Stattdessen geht Meyer in Verteidigungsposition: Er versucht die Wehner zugeschriebenen öffentlichen Demontageversuche des Bundeskanzlers im Jahr 1973 durch die Behauptung zurechtzurücken, Wehner habe die abfälligen Äußerungen nicht vor einer größeren Öffentlichkeit getan, sondern nur im engsten Kreis von Journalisten – als wenn dies wirklich von entscheidender Bedeutung wäre. Bezüglich des Verhaltens während der „Guillaume-Affäre“ meint Meyer, dass es Wehner selbst gewesen sei, der aktives „Krisenmanagement“ betrieben habe, während die Medien Unwahrheiten in Umlauf gebracht hätten. Wehner sei von „Verzweiflung erfüllt“ gewesen, als er von den Selbstmordgedanken des Kanzlers erfahren habe. Beim Treffen in Bad Münstereifel – wo Brandt die Entscheidung zum Rücktritt fasste – habe er ihm „wohl weder abgeraten noch hat er ihm dazu geraten“ (S. 423). Als Gegenbeweis für die überzogenen Behauptungen Brigitte Seebachers führt Meyer jedoch lediglich einen Vermerk Brandts „wahrscheinlich vom Mai 1974“ an, in dem steht, „Herbert Wehner hat mich niemals zum Rücktritt gedrängt“ (S. 425). Alles in allem bleibt Meyer hier recht vage, und durch den Versuch, das Verhalten Wehners künstlich zu beschönigen, werden eher wieder Zweifel genährt.

Für die Kanzlerjahre unter Helmut Schmidt, als Wehner weiterhin Fraktionschef blieb, stellt Meyer die bessere Zusammenarbeit im Vergleich zu Brandt, die Flügelkämpfe in der SPD, die nachlassende politische Aktionskraft Wehners als Folge gesundheitlicher Probleme sowie Wehners nachdrückliches Engagement für Häftlingsfreikäufe und Familienzusammenführungen aus der DDR in den Mittelpunkt.

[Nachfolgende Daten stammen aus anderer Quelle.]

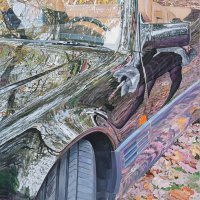 Hidra (u jesenjem pejzažu), 2019-2020. Foto Gunter Lepkowski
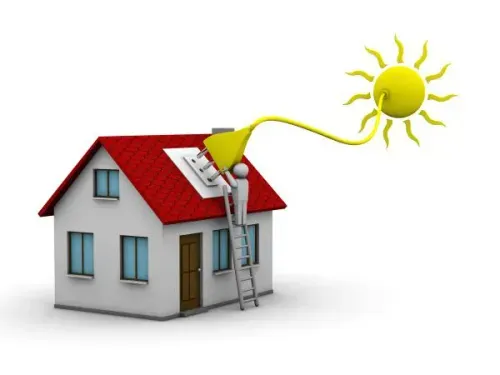 Fenesta solar energy utilize home window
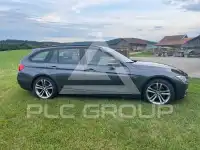 2015 BMW 320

Zu Recht würdigt Meyer den oft unterschätzten jahrzehntelangen Anteil Greta Wehners an der Arbeit ihres Stiefvaters und späteren Ehemannes, ihre Bedeutung als Gesprächspartnerin sowie in den letzten Jahren als Betreuerin und Bezugsperson. Auch die wichtige Rolle Lotte Wehners, der 1979 verstorbenen zweiten Ehefrau, als einer persönlichen und politischen Ansprechpartnerin für ihren Mann wird hervorgehoben. Im letzten Kapitel beschreibt Meyer einfühlsam den körperlichen und geistigen Verfall Wehners in den 1980er-Jahren.

Zusammenfassend stellt Meyer fest, dass drei Leitmotive das politische Leben Wehners durchzogen hätten: „[…] erstens das Ringen um die demokratische Lösung der nationalen Frage des deutschen Volkes, zweitens der Einsatz für die gleichberechtigte Teilhabe und Mitwirkung der Arbeiterschaft in Staat und Gesellschaft und drittens der Einsatz politischer Macht, um bedrängten und in Not geratenen Menschen zu helfen.“ (S. 493) Die erheblichen Verdienste Wehners, die dieser um die bundesdeutsche Nachkriegsdemokratie und die Erneuerung der SPD seit den 1950er-Jahren gehabt hat, stehen außer Zweifel. Für eine überzeugende Biografie wäre allerdings eine ausgewogenere Darstellung zu wünschen gewesen, die nicht einer Verklärung und Mystifizierung das Wort redet.

Anmerkungen:
1 Ullrich, Volker, Der Fuhrmann der SPD, in: ZEIT, 6.7.2006, online unter: <http://www.zeit.de/2006/28/P-Wehner>.
2 Cammann, Alexander, Von links außen nach oben, in: tageszeitung, 8.7.2006, online unter: <http://www.taz.de/pt/2006/07/08/a0189.1/text>.
3 Vgl. Seebacher, Brigitte, Willy Brandt, München 2004, Tb.-Ausg. München 2006, S. 237ff. Siehe die Rezension von Siegfried Schwarz: <http://hsozkult.geschichte.hu-berlin.de/rezensionen/2004-4-034>.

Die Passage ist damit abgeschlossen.